American Thoroughbred racehorse

Burnt Cork (1940–1944) was a thoroughbred race horse, a son of Mr. Bones, who was owned by Eddie 'Rochester' Anderson. His career earnings totaled $21,130 in 38 starts. The horse had 9 wins, places, and shows.

Burnt Cork became the first horse entered at the Kentucky Derby by an African American owner
in May 1943.
As a dark horse among thoroughbreds eligible for the event, he was timed at 0:36 for 3/8 of a mile on April 6, 1943. Fulfilling a pre-race prediction of a last place finish, Burnt Cork came in
10th in a ten horse field.

Because of his last-place finish, there was some controversy about whether Anderson had entered the horse into the Derby for publicity purposes. Those who claimed this believed that the great race was marred by it. Frank B. Ward of the Youngstown Vindicator newspaper, devoted a considerable amount of space in his May 7, 1943 sports column to addressing this aspect. He pointed out that the horses of other prominent men had finished last in the past and there had been no outcry when that happened.

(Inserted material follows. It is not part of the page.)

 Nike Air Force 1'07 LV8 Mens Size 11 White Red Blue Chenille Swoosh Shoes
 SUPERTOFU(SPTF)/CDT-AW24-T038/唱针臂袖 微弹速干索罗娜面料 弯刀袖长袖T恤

Ward went on to say that the money for Burnt Cork's Kentucky Derby entry was Anderson's to spend, that the dream of any thoroughbred horse owner was that his or her horse might be classed as good enough to qualify for the race, and one could certainly not blame Anderson for that. Ward continued, saying that Burnt Cork met all Kentucky Derby requirements for inclusion in 1943 and that there were no complaints at all from those who had also entered their horses in the race. He finished this segment by asking what all the shouting was about.

==Career highlights==
As a 2-year-old, an $800 yearling purchase at Saratoga, Burnt Cork won the $5,000 Prairie State Stakes
at Washington Park Race Track in Chicago, Illinois, on September 5, 1942. Before an audience of 25,000 people the thoroughbred bested "All Hoss" owned by H.P. Headley. He was defeated by a length and a half by Woodford Lad, a 2-year-old chestnut colt, in the
Hawthorne Stakes at Hawthorne Race Course, on September 26, 1942.

Burnt Cork ranked behind Count Fleet in Jack Campbell's Experimental Handicap list of top juvenile thoroughbreds of 1942. Scoring 114 there were 19 thoroughbreds which were rated higher when the list was released on January 15, 1943.

On June 5, 1943, Burnt Cork gained a show at the $5,000 added Steger Handicap at Hawthorne Race Course.

Burnt Cork died in Los Angeles of a fever he contracted while being shipped from Chicago in July 1944.

==In popular culture==
Eddie Anderson's real-life venture with Burnt Cork was incorporated into the fictional storyline of radio's Jack Benny Show, which depicted the situation as actually happening to Rochester Van Jones, the character Anderson portrayed on the Benny show.

Back during the November 8, 1942 show Jack Benny's character had bought a horse named Leona from Andy Devine in response to World War II gasoline rationing. The April 25, 1943 episode then used the premise that Jack had now sold Rochester this "old nag" for $4, only to discover that he had sold him an actual thoroughbred, one which Rochester had renamed Burnt Cork and which was now entered in the Kentucky Derby. Then the following two weeks had Jack dealing with the aftermath of the race and the fact that he lost $50 betting on Burnt Cork to win.